原題 ; LE JARDIN DES PLANTES(1994)
 監督 ; フィリップ・ド・ブロカ
 脚本 ; フィリップ・ド・ブロカ
 音楽 ; シャルル・クール
 出演 ; クロード・リッシュ、サロメ・ステヴナン、カトリーヌ・ジャコブ、ローズ・ティエリ
フィリップ・ド・ブロカ監督晩年の作品。日本では劇場公開されたが、本来はテレビ用に撮られたものらしい。
第二次世界大戦末期のパリを舞台に、父を失った少女と祖父のドラマを、時にはファンタジックに時にはシニカルに描いたコメディ。
第二次大戦末期、ドイツ占領下のフランス。フェルナン・ベルナール(クロード・リッシュ)は生物学の教授だが、今はパリ郊外の動植物園で妻のジャンヌ(ローズ・ティエリ)と二人暮し。
ある日、息子アルマンが孫娘フィリッピーヌ(サローメ・ステヴナン)を連れてやって来た。
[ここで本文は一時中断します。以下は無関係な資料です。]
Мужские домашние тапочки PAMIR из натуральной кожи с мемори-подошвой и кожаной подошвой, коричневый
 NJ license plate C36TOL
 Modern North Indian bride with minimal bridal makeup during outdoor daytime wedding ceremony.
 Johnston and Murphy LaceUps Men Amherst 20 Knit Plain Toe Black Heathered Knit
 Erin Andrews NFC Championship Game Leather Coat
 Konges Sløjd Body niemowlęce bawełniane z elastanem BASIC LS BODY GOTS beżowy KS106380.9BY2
アルマンは戦争に興味のない洒落者の歯科医。
自分にも勇気がないことを気にしているフェルナンは、ドイツ軍に取りいっているアルマンをなじる。
フェルナンと親子喧嘩をしたアルマンは、フィリッピーヌを置いて出て行く。彼は外出禁止令を破った罪でドイツ軍に捕まり、レジスタンスの破壊工作に対する報復として処刑されてしまう。
フェルナンが受け出しに駆けつけたのだが間に合わなかった。
フェルナンは、フィリッピーヌを女優の母親ミシェリーヌの元に連れて行くが、舞台稽古に忙しく、まともに話も聞かない。
結局、フィリッピーヌをそれまでいた寄宿舎に戻すフェルナンだが、寂しそうな姿に耐え切れず連れ戻した。
真実を伝えることができないフェルナンは、アルマンがレジスタンスのリーダーとして潜伏していると嘘をつく。
アルマンの死を知ったミシェリーヌがフィリッピーヌを連れにくるが、フェルナンは追い返す。
ジャンヌは元メイドで、フェルナンが給料削減のために結婚したなどと悪口を言うが、本当は仲が良い。
フィリッピーヌが父親の写真を欲しがった。しかし、フェルナンは動植物の写真に夢中で家族の写真がない。仕方なくアルマンの死に顔の写真を生きているように細工して渡す。
レジスタンスの手伝いがしたいというフィリッピーヌに、フェルナンはモンパルナスの地下墓地で待つという偽の通信文を見せる。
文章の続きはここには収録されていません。